La Misa tenía un precio

Son las once y media de la noche. La película no les interesa y deciden irse a la cama.

El dormitorio huele a madera vieja y mantas recias. Lo heredaron de los padres de ella, lo mismo que el enorme crucifijo que preside la estancia. Ahora está sobre la pared, pero un día fue divisa de piedad sobre el ataúd oscuro del padre de Justa. Todo tiene su significado en esta casa.

Faustino cierra los cuarterones de las ventanas y se va al baño. No tienen persianas porque siempre dejan pasar alguna luz.

Justa se desviste de cara a la pared y se pone el camisón antes de que Faustino regrese del baño.

Pone el despertador a las ocho y media aunque sabe que se despertará a las ocho en punto.

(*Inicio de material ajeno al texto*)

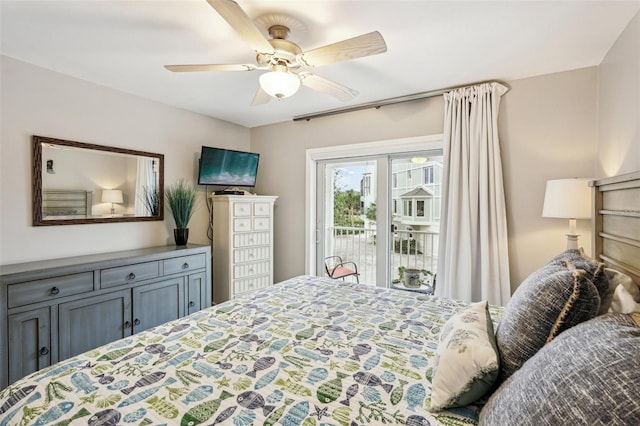 bedroom featuring ceiling fan and access to exterior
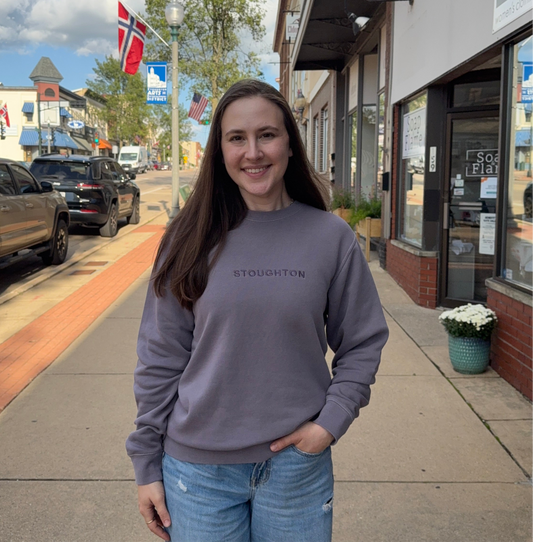 "Stoughton" Embroidered Crewneck in Muted Plum - Kismetic Exclusive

Es más puntual que cualquier reloj.

No tienen nada que hacer, pero se levantan a las ocho. Hay que mantener un orden en la vida.

Faustino vuelve del baño con los ojos enrojecidos y Justa se extraña. Parece que ha llorado.

—¿Te pasa algo? —le pregunta levantando la cabeza de la vida del Cid Campeador, cien veces releída.

Faustino asiente. Alza la barbilla señalando al crucifijo.

Justa cierra el libro, con un gesto de exasperación.

—No vuelvas con eso. Sabes que no puede ser —le reprende.

Faustino se arrodilla.

—Tú no puedes comprender lo que es privarse de ser uno de los que estarán justo detrás de los coros angélicos. Ser uno más de los que pueden consagrar se al Señor. No puedes entenderlo.

—Sí que lo entiendo. Ven a la cama. Cada uno cumple el papel que el señor le da y tu cumples con el tuyo —responde ella comprensiva.

Justino niega con la cabeza.

—Yo no cumplo: me resigno. No es lo mismo. No sabes lo que es renunciar cada día convertir el pan y el vino en el cuerpo y la sangre del Señor. Me estremezco sólo de pensarlo. Ser instrumento del todopoderoso. Lo que tú ates quedará atado en el cielo. Lo que tú desates quedará desatado en el cielo. Ser la rueda que muele el pan de su gracia. Convertir el vino en sangre...

—Faustino, déjalo ya...

—Perdonar los pecados. Bendecir los animales y los campos. Proclamar la palabra de Dios.

—Faustino...

—Imprimir la marca indeleble del bautismo en almas blancas, unir vidas para siempre en el sagrado lazo del matrimonio, reconfortar a los enfermos con la promesa de la carne resucitada... No puedes comprender lo que es renunciar a eso.

—Faustino, ¡sabes que no puede ser! 

Faustino deja de llorar. Se incorpora y mira a su mujer con toda la ternura que ha acumulado en treinta años de convivencia.

—Claro que puede ser. La Iglesia no consagra a los casados, pero sí a los viudos.

Justa ve al fin el revólver del abuelo en la mano de su marido y lanza un grito.

—No grites, Justa. Reza lo que quieras, pero no pierdas el tiempo gritando.